Pero si hay algo que conserva Dylan, aparte del cancionero más trascendental de la historia del rock, es la inteligencia, que le permite conocer sus limitaciones y rodearse de unos profesionales a los instrumentos que rayan la perfección, con mención especial a la guitarra de Denny Freeman. No hicieron falta extravagancias, ni juego de luces, ni buen rollo con el público, ni aspavientos, ni estribillos pegadizos, tan sólo rock clásico, interpretado con verdadera maestría, para salir triunfante en una noche que parecía propicia para terminarla por la puerta de atrás de ese macro Escenario Mundo.

Buena parte del público empezó más preocupado con cualquier cosa que con Dylan, el artista que fue un punto de inflexión en la historia del rock. Los había que jugaban con balones de plástico que pasaban de una mano a otra, o se hacían colecciones de fotografías ajenos al concierto, o esperaban alguna pirueta que fuera con el espíritu de Rock In Rio, por donde podían verse en mitad de la actuación hombres y mujeres volando con tirolina sobre las cabezas del respetable. Pero Dylan y su banda, todos vestidos de negro, se mostraban indiferentes, apenas se movían de sus posiciones, y menos variaban un milímetro su repertorio.

Grandes composiciones

No era otra cosa que un cancionero formado por grandes composiciones rock, que ya no tienen el recorrido de autopista de antes sino que cruzan carreteras secundarias del blues y el country según el momento. Un rock añejo, distinto, que está sacado de un vinilo con polvo en estos días de MP3, siempre canalizado por la presencia de Dylan, que hace tiempo que dejó de tener un hechizo en su voz, como cuando era el bardo del folk norteamericano, pero que ahora transmite más que menos la complicidad de un viajero solitario.

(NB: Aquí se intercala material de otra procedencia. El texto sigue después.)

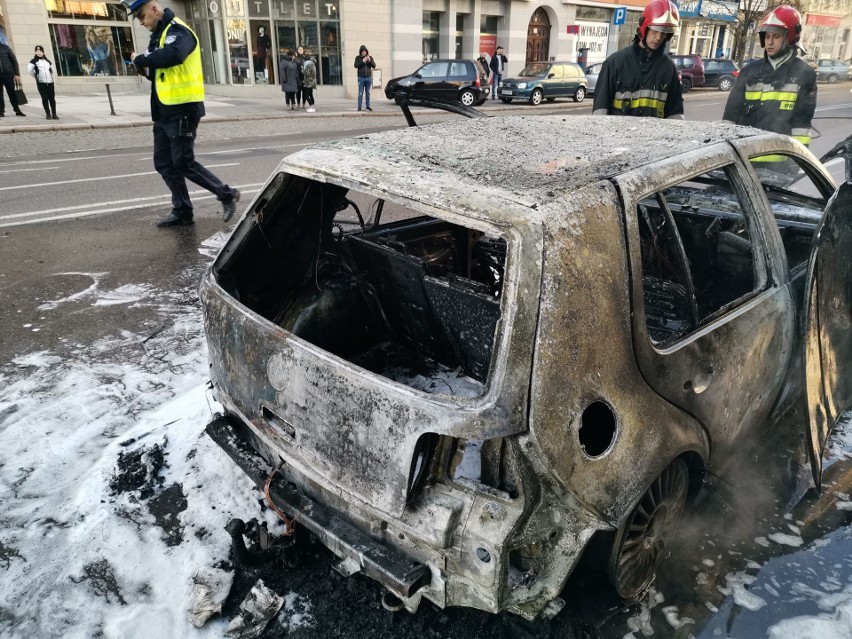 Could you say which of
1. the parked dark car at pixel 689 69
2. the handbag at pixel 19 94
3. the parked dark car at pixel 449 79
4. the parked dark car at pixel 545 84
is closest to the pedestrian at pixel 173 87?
the handbag at pixel 19 94

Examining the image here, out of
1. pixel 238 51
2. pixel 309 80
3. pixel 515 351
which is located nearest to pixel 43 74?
pixel 309 80

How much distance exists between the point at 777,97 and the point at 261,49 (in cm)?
2210

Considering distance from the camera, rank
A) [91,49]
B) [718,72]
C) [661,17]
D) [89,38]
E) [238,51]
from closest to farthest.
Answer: [661,17] < [89,38] < [91,49] < [238,51] < [718,72]

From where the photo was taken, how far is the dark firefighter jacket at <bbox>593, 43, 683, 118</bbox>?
18.2 feet

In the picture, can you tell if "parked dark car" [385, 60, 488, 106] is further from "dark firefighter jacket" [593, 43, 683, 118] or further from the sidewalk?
"dark firefighter jacket" [593, 43, 683, 118]

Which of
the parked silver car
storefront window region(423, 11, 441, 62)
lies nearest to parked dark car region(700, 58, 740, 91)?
the parked silver car

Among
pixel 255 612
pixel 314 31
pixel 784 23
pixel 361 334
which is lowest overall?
pixel 255 612

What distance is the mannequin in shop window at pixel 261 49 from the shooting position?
2391 centimetres

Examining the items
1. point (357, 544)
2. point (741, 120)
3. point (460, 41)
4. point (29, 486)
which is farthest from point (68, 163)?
point (460, 41)

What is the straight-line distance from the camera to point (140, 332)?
4.46 meters

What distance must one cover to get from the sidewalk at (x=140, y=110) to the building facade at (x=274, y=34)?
0.91 m

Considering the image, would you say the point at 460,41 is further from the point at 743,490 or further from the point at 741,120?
the point at 743,490

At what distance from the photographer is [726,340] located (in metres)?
2.36

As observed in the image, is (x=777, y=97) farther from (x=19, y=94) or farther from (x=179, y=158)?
(x=19, y=94) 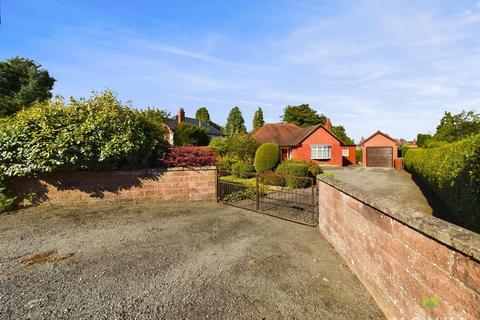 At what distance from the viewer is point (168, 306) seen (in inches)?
119

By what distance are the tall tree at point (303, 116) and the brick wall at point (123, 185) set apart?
4530cm

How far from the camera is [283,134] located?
30703 millimetres

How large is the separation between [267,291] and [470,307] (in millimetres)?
2271

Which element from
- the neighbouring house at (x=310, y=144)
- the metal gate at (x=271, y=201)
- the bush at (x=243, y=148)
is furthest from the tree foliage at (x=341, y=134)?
the metal gate at (x=271, y=201)

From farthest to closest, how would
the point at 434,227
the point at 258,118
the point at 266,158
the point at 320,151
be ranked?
the point at 258,118
the point at 320,151
the point at 266,158
the point at 434,227

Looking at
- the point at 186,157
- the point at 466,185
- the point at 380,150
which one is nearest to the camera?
the point at 466,185

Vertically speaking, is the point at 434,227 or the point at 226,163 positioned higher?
the point at 434,227

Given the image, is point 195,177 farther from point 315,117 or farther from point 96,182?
point 315,117

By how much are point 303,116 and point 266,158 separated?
36.8 meters

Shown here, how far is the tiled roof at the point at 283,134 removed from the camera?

Así lo demostró al abrir el concierto con Rainy Day Women o cuando se arrancó con Rolli' and Tumblin'. Sin embargo, su armónica sigue intratable, aunque entrase a destiempo y mal en el último compás de Just Like A Woman, un tema que despertó a más de uno entre el público. La banda, mientras tanto, sonaba contundente y sencilla, con una capacidad aplastante para enlazar con las necesidades interpretativas de Dylan. Highway 61 Revisited fue buen ejemplo de este acople. Con todo, tardaron en coger el punto exacto a la actuación.

Fue de noche cuando la música de Dylan perdió su carácter anecdótico para tornar en obligada atención para buena parte de los asistentes. Con mucho más empaque, todos los hombres de negro empezaron a sonar magníficos a partir de la segunda parte del concierto, entre ellas la poderosa Ballad of Thin Man. Casi en penumbra, con siete torres de focos sin utilizar, Dylan y el resto de la banda sacaron lo mejor de sí mismos sobre un escenario que parecía encendido con velas. Estaba previsto, según la programación oficial, que se fueran a las diez pero se quedaron media hora más. Aquello merecía lo que fuera cuando el R&B y el rock habían pasado de ser muy buenos a rejuvenecer de arriba abajo el espíritu.

Cerraron en los bises con Thunder On The Mountain y la imperecedera Like A Rolling Stone, que terminó por encandilar al público. La que fue considerada la mejor canción de la historia para la revista Rolling Stone ilustra la fotografía del genio. Detrás de su órgano, Dylan sonriendo, con la mueca en el rostro y la mirada huidiza. Daba la impresión que no quería saber nada, pero al final había conseguido lo que seguro se proponía: que triunfara la música.